More patients in the surgical population have COPD than in the general population. Those diagnosed before surgery have longer average operative times and spend four times as long recovering in the hospital as patients without COPD.11 Based on a multicenter database analysis, Gupta and colleagues found that patients with COPD had an overall mortality of 6.7% compared with 1.4% for those without COPD.11 Additionally, after controlling for more than 50 comorbidities and type of surgery, they found that COPD was independently associated with postoperative pneumonia, respiratory failure, MI, sepsis, renal failure requiring dialysis, and wound dehiscence.11 Preoperative evaluation can identify opportunities to optimize treatment before elective surgery and can inform the patient discussion.11

Established treatments for patients with COPD include inhaled beta agonists, anticholinergics, corticosteroids, and supplemental oxygen. Little data are available to suggest alternative management of patients preoperatively. Short courses of oral corticosteroids have been used in patients with COPD in an attempt to reduce postoperative pulmonary complications, despite mixed evidence to support their use.12,13

In patients whose symptoms are concerning for COPD exacerbation, consider delaying surgery until baseline lung function is achieved. For patients with disease ranging from moderately severe to severe, specific documentation and communication with the anesthesia team will enable the clinician to select appropriate airway instrumentation, anesthetic agent, ventilation, and provide careful intraoperative and postoperative monitoring.11,14

Tobacco use

Overall, there are more tobacco smokers in the surgical population than in the general population.15 Although findings in the literature are inconsistent, a systematic review and meta-analysis by Gronkjaer and colleagues found no higher risk of mortality or cardiovascular complications in this subset of patients.16 However, in their study preoperative tobacco use correlated with increased rates of postoperative morbidity, infection, prolonged wound healing, neurologic complications, ICU admissions, and postoperative pulmonary complications.16 Some data suggest that patients who abstain from tobacco use for 4 to 8 weeks before surgery have a reduced risk of postoperative complications compared with those who continue smoking.16 In this context, and knowing the health risks of tobacco use, the preoperative setting is a good time for clinicians to encourage patients to stop smoking.

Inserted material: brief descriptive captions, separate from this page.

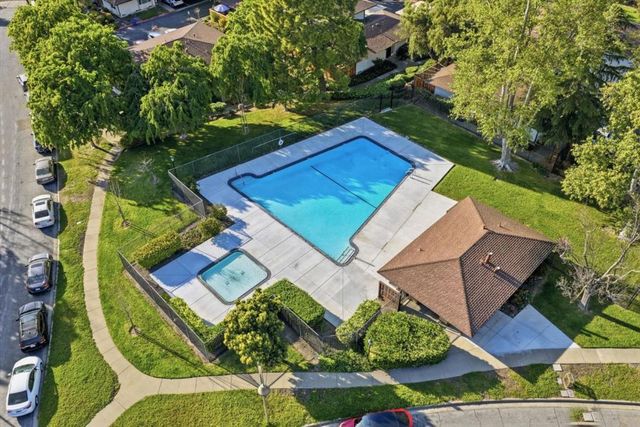 222 Corte San Pablo, Fremont, CA 94539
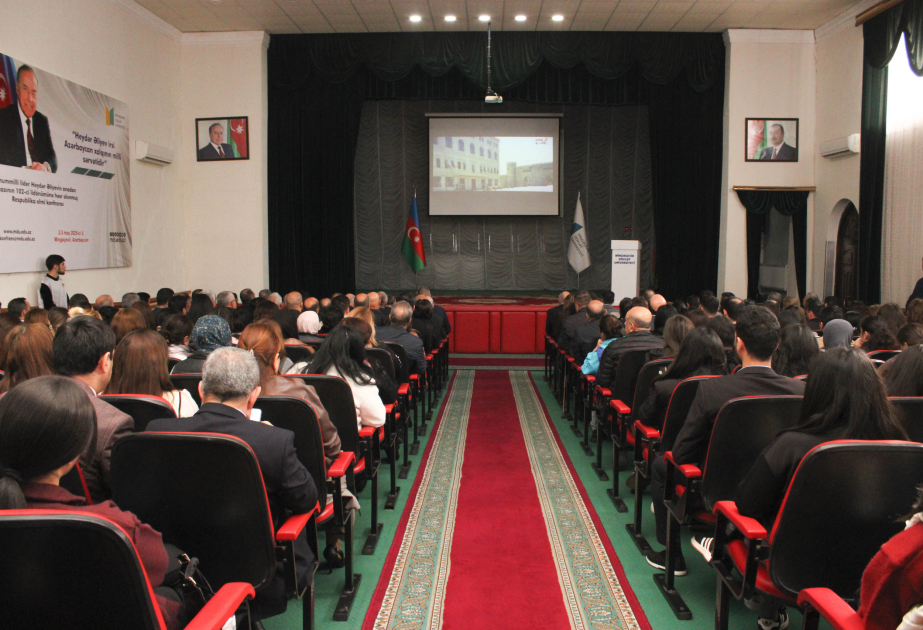 Mingəçevir Dövlət Universitetində Konstitusiya Gününə həsr olunan elmi-praktik konfrans keçirilib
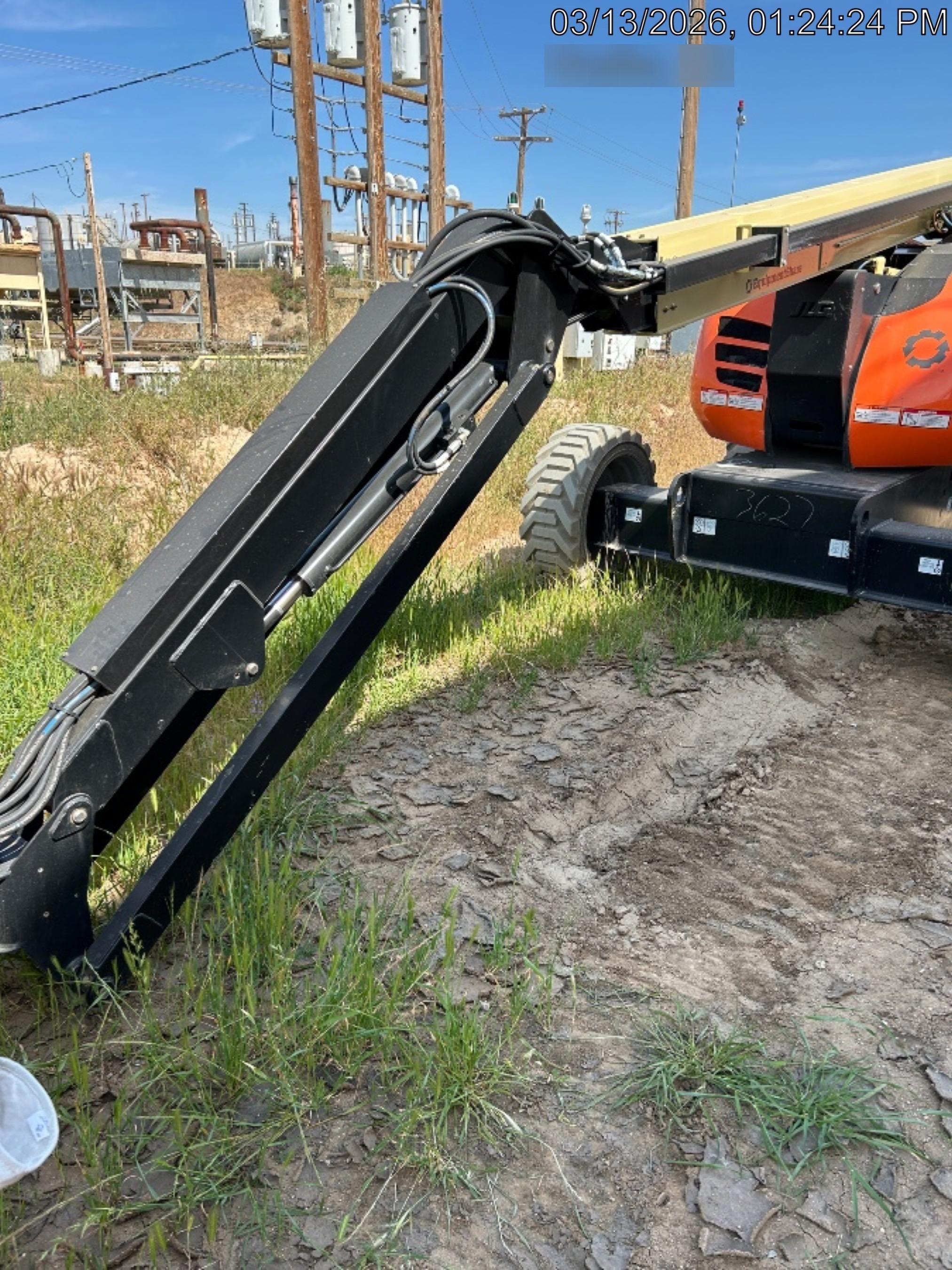 2025 JLG 600AJ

Obstructive sleep apnea (OSA)

Many patients undergo surgery without being aware that they have OSA.17 OSA is present in substantially higher rates in some surgical patients compared with the general population—for example, up to 70% of patients undergoing bariatric surgery have OSA.17 Obesity and older age are considered to be contributing factors for many surgical patients.17 Patients with OSA are at higher risk of postoperative pulmonary and cardiac complications than those without OSA.17 Expert consensus guidelines recommend screening for OSA; this is despite limited evidence that the use of preoperative screening tools for OSA reduces patient complications.17

One such screening resource recommended by the Society of Anesthesia and Sleep Medicine task force guidelines is the STOP-Bang screening tool.17 The STOP-Bang tool is the most validated in the surgical population; patients with a score of 3 or higher have increased rates of postoperative complications.17 Identifying patients at risk can help target perioperative precautions and interventions, and may help reduce patient complications.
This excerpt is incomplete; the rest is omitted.